The journey of a thousand miles begins with one step
Lao Tzu knew what he was talking about here.
Let’s take a look at the principle and see how we can apply it to legal practice.
Your Legal Career is a Long Journey
It probably already feels like you have been on the journey for a long time. You finished school, went to university, completed your practical legal training, and now you’re a lawyer. In fact, most of your life so far has been taken up by school and study.
But, I’m afraid to tell you, you haven’t yet started your legal journey. Rather you’ve finished the last one.
The practice of law is so different to the study of law, that although they are connected, we really can’t think of them as the same thing. You have completed the first, and reached your destination – becoming a lawyer.
But really that destination is just a stop-off. It’s the end of a long journey to be sure, but in reality it is also the beginning of a new one.
Your legal career is a new journey.
Are you on a Journey, or Standing Still?
The difficulty with careers is this: they kind of happen around you.
So it can seem like you’re on the path to a successful legal career, but in reality the legal career is just occurring to you. In reality, you are not moving anywhere.
You turn up to work – that’s nice. That’s what everyone does.
You do your job – also pretty common.
You work hard and diligently, ticking the boxes. Again – these are all things that you MUST do to stay employed, but are you consciously going anywhere, or is your career just happening to you?
Are you devoted towards constant improvement? Are you emotionally invested? Are you actively building your network? Are you looking for opportunities where you can and acting on them? Or is your desire to get to the weekend as fast as possible, and delay the oncoming Monday as long as you can?
Think of it this way: the person who runs on a treadmill expends the same effort as one who runs on the road. But the person on the road reaches a destination. The person on the treadmill remains exactly where they started.
I’ve mentioned it many times, but lawyers are excellent planners. We plan everything – budgets, marketing, performance, careers, events.
But while we excel at planning, we are poor at implementation.
It’s not because of a lack of desire.
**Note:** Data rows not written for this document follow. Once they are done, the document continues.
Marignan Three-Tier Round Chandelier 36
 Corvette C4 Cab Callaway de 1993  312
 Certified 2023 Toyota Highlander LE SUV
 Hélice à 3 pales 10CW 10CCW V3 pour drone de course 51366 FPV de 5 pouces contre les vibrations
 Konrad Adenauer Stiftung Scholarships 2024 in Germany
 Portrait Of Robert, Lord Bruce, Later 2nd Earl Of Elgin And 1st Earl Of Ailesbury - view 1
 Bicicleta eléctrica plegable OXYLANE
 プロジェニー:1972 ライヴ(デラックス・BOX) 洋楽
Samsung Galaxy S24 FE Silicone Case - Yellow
It’s because, by planning so comprehensively, our brains tell us that we’ve basically done the job. The planning has engaged us so much in the process that it feels like we’re there already.
Whereas in reality, we have yet to take the first step.
In a journey of a thousand miles, the preparation might be needed – you might know your destination, understand what is required, be packed and ready to go.
But you’re no closer to your destination until you take a step. And then another. And then another.
And that is my question for you today – what is your next step? NOT turning up to work tomorrow and doing what you’re told. What is YOUR next step, devoted to the building of YOUR career, with YOUR destination in mind?